S’émouvoir (pas seulement en psychiatrie populaire)

Autrice : Olivier Croufer, animateur au Centre Franco Basaglia

Résumé : Il est grand temps de réimaginer ses cohabitations avec tous les vivants. En renvoyant les personnes qui souffrent à des institutions spécialisées en santé mentale ou en psychiatrie, nous nous soulageons, certes, mais nous nous privons aussi de nous émouvoir à ce qui pourrait transformer radicalement nos modes de vie. L’enjeu d’une psychiatrie démocratique, ou populaire, est de ramener les souffrances existentielles dans le quotidien de nos expériences de cohabitation pour y tenter des émancipations, bien plus collectives qu’individuelles. Cela commence par s’émouvoir. Trouver une joie à s’émouvoir depuis les souffrances existentielles d’un autre.
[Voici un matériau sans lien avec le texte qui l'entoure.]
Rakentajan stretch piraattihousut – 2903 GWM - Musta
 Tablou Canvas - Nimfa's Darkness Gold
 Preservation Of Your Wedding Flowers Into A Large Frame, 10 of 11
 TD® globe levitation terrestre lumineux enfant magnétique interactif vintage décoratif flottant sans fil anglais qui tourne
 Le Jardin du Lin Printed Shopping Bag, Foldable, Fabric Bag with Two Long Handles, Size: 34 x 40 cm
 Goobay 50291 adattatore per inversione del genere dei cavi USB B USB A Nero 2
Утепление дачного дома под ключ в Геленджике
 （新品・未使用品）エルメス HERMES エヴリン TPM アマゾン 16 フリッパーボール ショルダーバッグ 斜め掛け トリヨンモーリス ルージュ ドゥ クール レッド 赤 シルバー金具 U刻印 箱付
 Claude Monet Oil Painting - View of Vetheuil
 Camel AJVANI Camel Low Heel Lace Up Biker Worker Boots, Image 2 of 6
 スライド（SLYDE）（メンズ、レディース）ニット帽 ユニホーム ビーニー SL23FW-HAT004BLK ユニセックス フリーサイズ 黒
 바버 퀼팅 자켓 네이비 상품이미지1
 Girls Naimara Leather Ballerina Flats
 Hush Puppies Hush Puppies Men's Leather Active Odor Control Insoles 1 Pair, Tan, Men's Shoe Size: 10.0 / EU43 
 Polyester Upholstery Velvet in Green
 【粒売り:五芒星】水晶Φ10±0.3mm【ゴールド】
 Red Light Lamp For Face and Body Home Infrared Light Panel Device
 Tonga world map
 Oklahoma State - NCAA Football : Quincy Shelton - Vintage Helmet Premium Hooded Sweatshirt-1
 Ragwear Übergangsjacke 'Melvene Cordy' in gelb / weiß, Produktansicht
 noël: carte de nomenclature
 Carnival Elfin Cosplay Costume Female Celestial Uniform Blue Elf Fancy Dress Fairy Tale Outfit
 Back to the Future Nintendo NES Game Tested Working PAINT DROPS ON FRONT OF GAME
 Temps de lecture : 75 minutes

Étude 2025 - "S'émouvoir (pas seulement en psychiatrie populaire)"

L’audace tenait au lieu : un sauna. Cet étouffoir destiné à la détente avait servi durant vingt minutes de local de psychiatrie populaire. Cela s’était déroulé en deux moments. Le premier moment nous avait inondés d’une générosité de confiance et de fantaisie. Cela a dû avoir des conséquences. Trois amis s’étaient charriés et lavés d’une insulte raciste que l’un d’entre eux venait de subir. Leur ton était désinvolte, comme pour éviter à tout prix que les mots sales, injustes et grotesques ne pénètrent les corps de façon durable. Puis ils étaient sortis, calmes et gais, du sauna. Je m’étais retrouvé seul avec un homme recroquevillé sur un corps potelé. Je fus surpris qu’il se redresse pour tenter de deviner mon métier. Sans doute comptable ou professeur, me dit-il. Deux coups dans l’eau ! J’ai pris plaisir à poursuivre la devinette à son sujet. J’ai vite trouvé : cheminot, sur les rails, sur les chantiers. Nous étions en période de grèves tournantes au long cours. Je m’étais mis dans ce que j’imaginais être son camp, et qui, de toute façon, était mon lieu politique, le soutien d’un service public. J’étais curieux qu’il s’exprime sur la pénibilité de son travail, puisque cette charge faisait partie de la négociation politique. Mais il coupa abruptement.

— Ce n’est pas pénible, me dit-il. Son corps était flasque, mais dans la sincérité de sa réponse, je sentais surtout un corps détendu. On est cinq sur un chantier, dit-il. Il y en a toujours un qui n’a rien à faire. Parfois, on attend des plombes l’arrivée du contremaître pour les instructions. Ça arrive d’attendre dans la camionnette toute la matinée. C’est pas pénible. Je ne ferai pas la grève. Je ne m’occupe pas de tout cela.

Parfois, on laisse faire. C’est son point de vue, son morceau de vie. J’avais envie de le laisser comme ça.

Nous nous sommes retrouvés quelques semaines plus tard encalminés dans ce sauna. Il démarre la conversation avec l’immédiateté qui m’avait déjà surpris la première fois.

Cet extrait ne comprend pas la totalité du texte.